1

350 39 10
                                    

Ciemna i ponura noc panowała wtedy w okół. Tyler nawet nie myślał, że mógłby w takich okolicznościach poznać swojego najlepszego przyjaciela.

Myśli Tylera były ciężkie. Czasami spływały łzami po jego policzkach, a czasami wsiąkały z tuszem w kartki małego zeszytu. Miał różne sposoby na odgonienie ich.

Tamtym razem siedział nad brzegiem rzeki. Gwiazdy i księżyc zdawały się tonąć w jej ciemnej tafli. W oddali słychać było jedynie świerszcze oraz cichy płacz.

Tamten dzień nie należał do udanych dni Tylera. Niewiele tych trwających 24 godziny udręk Tyler zaliczał do udanych.

Jedyne, które mogły nimi być, to te, które spędzał z Joshem.

Kim właściwie był dla Tylera Josh? Po ostatnich zdarzeniach chłopak jeszcze bardziej nie widział ich relacji, taką jaka była na początku. Zmieniła się, ale oni również. Wszystko się zmieniało, oprócz rzeki, która tak przyjemnie wylewała wodę na buty Tylera.

Jednak od tamtej pory, Tyler miał mieć jeszcze jednego przyjaciela. Nie wiedział tylko, jak bardzo złą decyzje podjął.

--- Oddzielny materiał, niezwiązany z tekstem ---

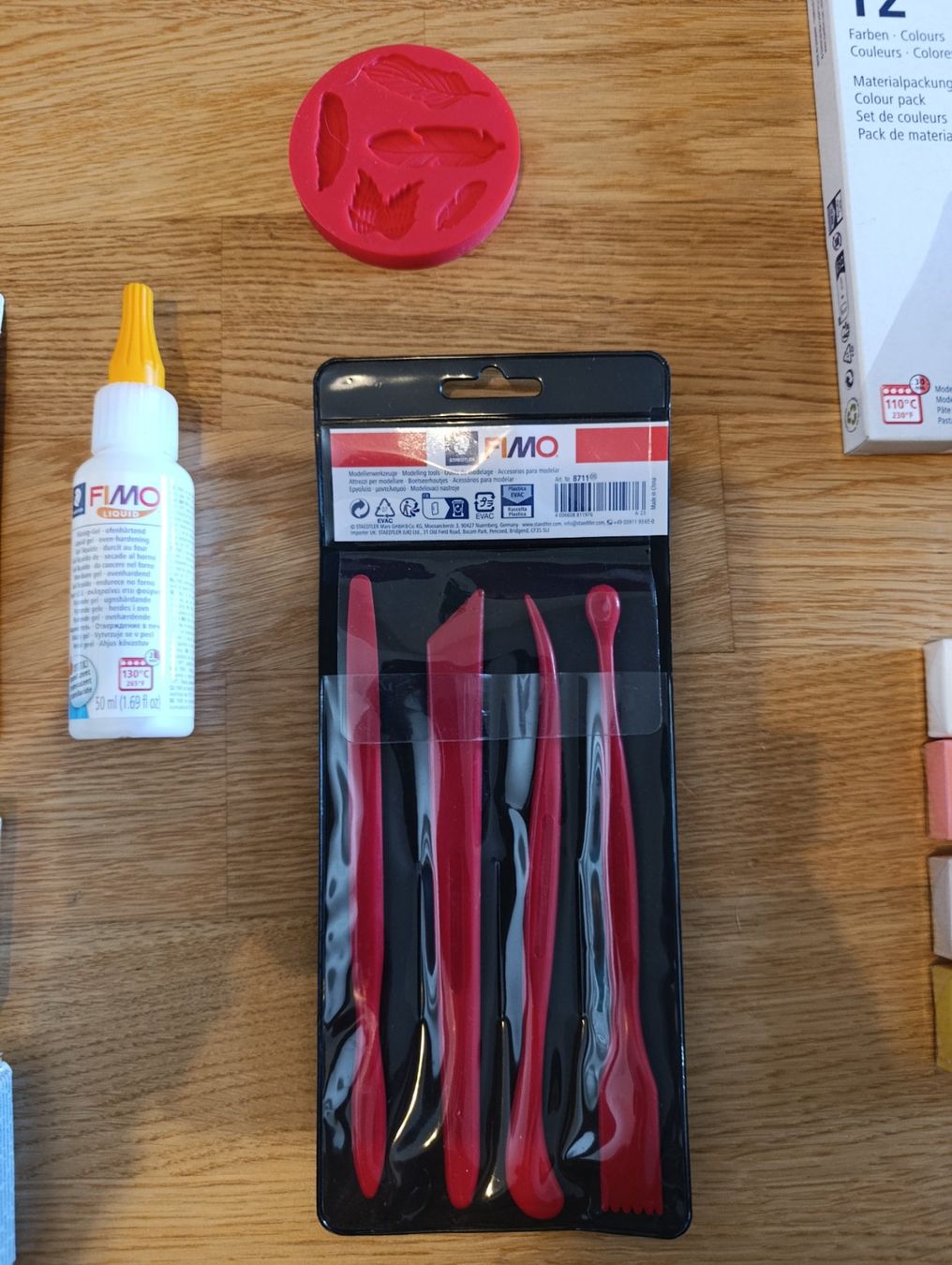 Kit bricolage: FIMO-Teig-Set und Zubehör, NEU – Nuovo (secondo la descrizione) da Liebefeld venduto da Zalie 2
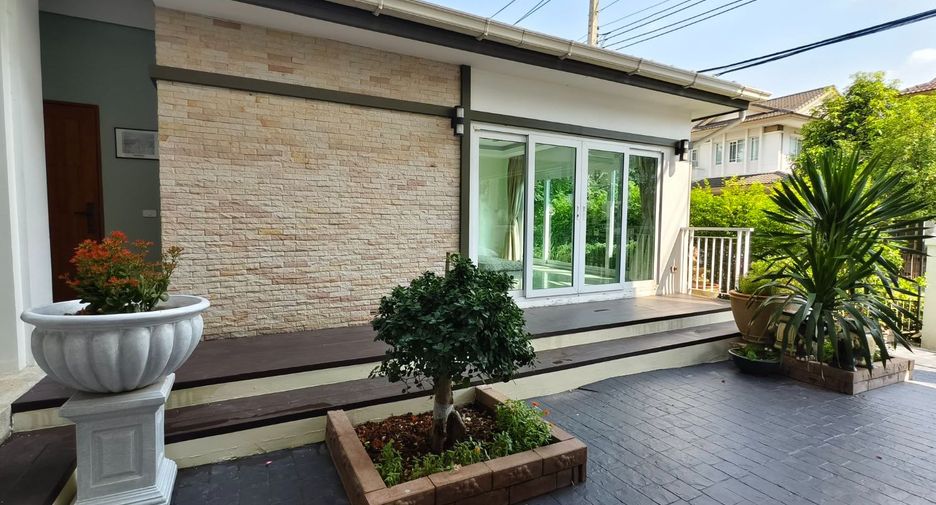 For rent 6 bedrooms house in Bang Kapi, Bangkok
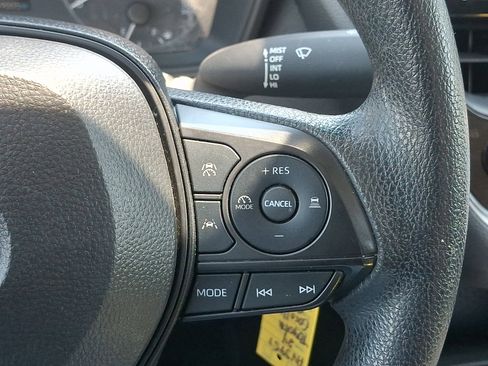Used 2024 Toyota Corolla LE FWD image 21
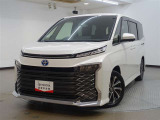 カラーはホワイトパールクリスタルシャイン! 走行距離は43000Kmとなっております☆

Poczuł czyjś dotyk na ramieniu. Był słaby i delikatny. Od razu wykreślił opcje, że może to być Josh.

- Kim jesteś? - Jego głos był równie słaby co dotyk nieznajomego. Powoli odwrócił głowę w stronę, z której czuł dotyk.

- Twoim nowym przyjacielem, Ty. - Chłopak uśmiechnął się, jednak w żadnym stopniu nie zachęcił Tylera do interakcji z nim. Przestraszony odskoczył od nieznajomego strzepując jego bladą rękę.

- S-skąd znasz moje imię? - wyszeptał przerażony i chwycił za szklaną butelkę, która leżała koło niego. Poczuł się wysoce niebezpiecznie.

- My wiemy takie rzeczy - odpowiedziała postać i wychyliła się lekko z mroku.

Tyler mógł jej się lepiej przyjrzeć przez blask księżyca padający na jej twarz. Jednak tego nie zrobił. Czerwone oczy zwróciły na niego zawiedziony wzrok.

- Nie chcesz się ze mną zapoznać? - Zrobił smutną minę, jednak brunet był już do niego uprzedzony. - Jestem Blurryface i obchodzi mnie co myślisz - szepną milszym głosem i podał Tylerowi rękę.

Chłopak miał ją odtrącić, jednak coś w nim tchnęło. Przecież i tak nie miał nic do stracenia, więc dlaczego nie.

Ścisnął jego dłoń. Ten dotyk był mocniejszy, zdecydowany. Ręce Blurryface'a nie wyglądały na takie. Były kościste oraz blade. Gdzieniegdzie były też czarne, zapewne od jakiejś farby.

Istota ponownie uśmiechnęła się w ten dziwny sposób.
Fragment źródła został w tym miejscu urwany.